自社にとっての「優秀さ」とは何か
海外で目立つこうした採用手法は、いずれ日本でも当たり前になる、と服部氏は語る。そのキーワードは、独自性と多様性だ。優秀で多様な人材を確保するために、独自性の高いコンテンツを提供できるオウンドメディアで自社の魅力を発信していくことが重要なのだ。
「しかし、採用基準を『コミュニケーション力』や『主体性』といった漠然とした言葉で理解した気になったまま、採用方法だけを変えてもうまくいきません。まずは『自社が求める優秀さ』を定義することが大切です」と、服部氏は強調する。
コミュニケーション力と一言で言っても、売り込むのか、説得するのか、調整するのか……。ミッションが違えば求められる力も変わる。面接でハキハキとプレゼンできたからといって、実務上のコミュニケーションがうまくいく保証はない。自社が求める人材を見極めるには、自社が求める人材像をあらかじめ明確にしておくのは当然といえる。

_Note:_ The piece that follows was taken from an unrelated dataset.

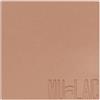 Powder Contouring 12 Ade Refill Mulac 1 Pezzo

「サッカーで考えてみてください。どんなチームでもうまい選手が欲しい。しかし、身体能力とテクニックがずばぬけた一流選手なんて、そんなにいるものではありません。では、どんな観点で選手を選抜すればいいのか。例えばオランダでは、代表選手に求める能力を『フットボール・インテリジェンス』と表現しています。具体的にいうと『複数の選択肢があり得る局面で瞬時に確率を計算し、確度の高い選択を実行する能力』です。だからオランダでは、単純な身体能力の高さやテクニックより、こうしたインテリジェンスの高い選手が優先して採用されるし、選手もそれを磨こうとする。ジュニアチームを視察したときも、コーチはことあるごとにプレーを止め『今、シュート以外にどんなオプションがあった?』『なぜシュートを選んだ?』と質問し、選手の選択が妥当かどうかを検証していました」
「チームにとっての優秀さとは何か」。その求められる「優秀さ」が正しく定義されているからこそ、選抜、採用、育成が一直線につながり、チームにとって望ましい選手が集まりやすい仕組みになっているのだ。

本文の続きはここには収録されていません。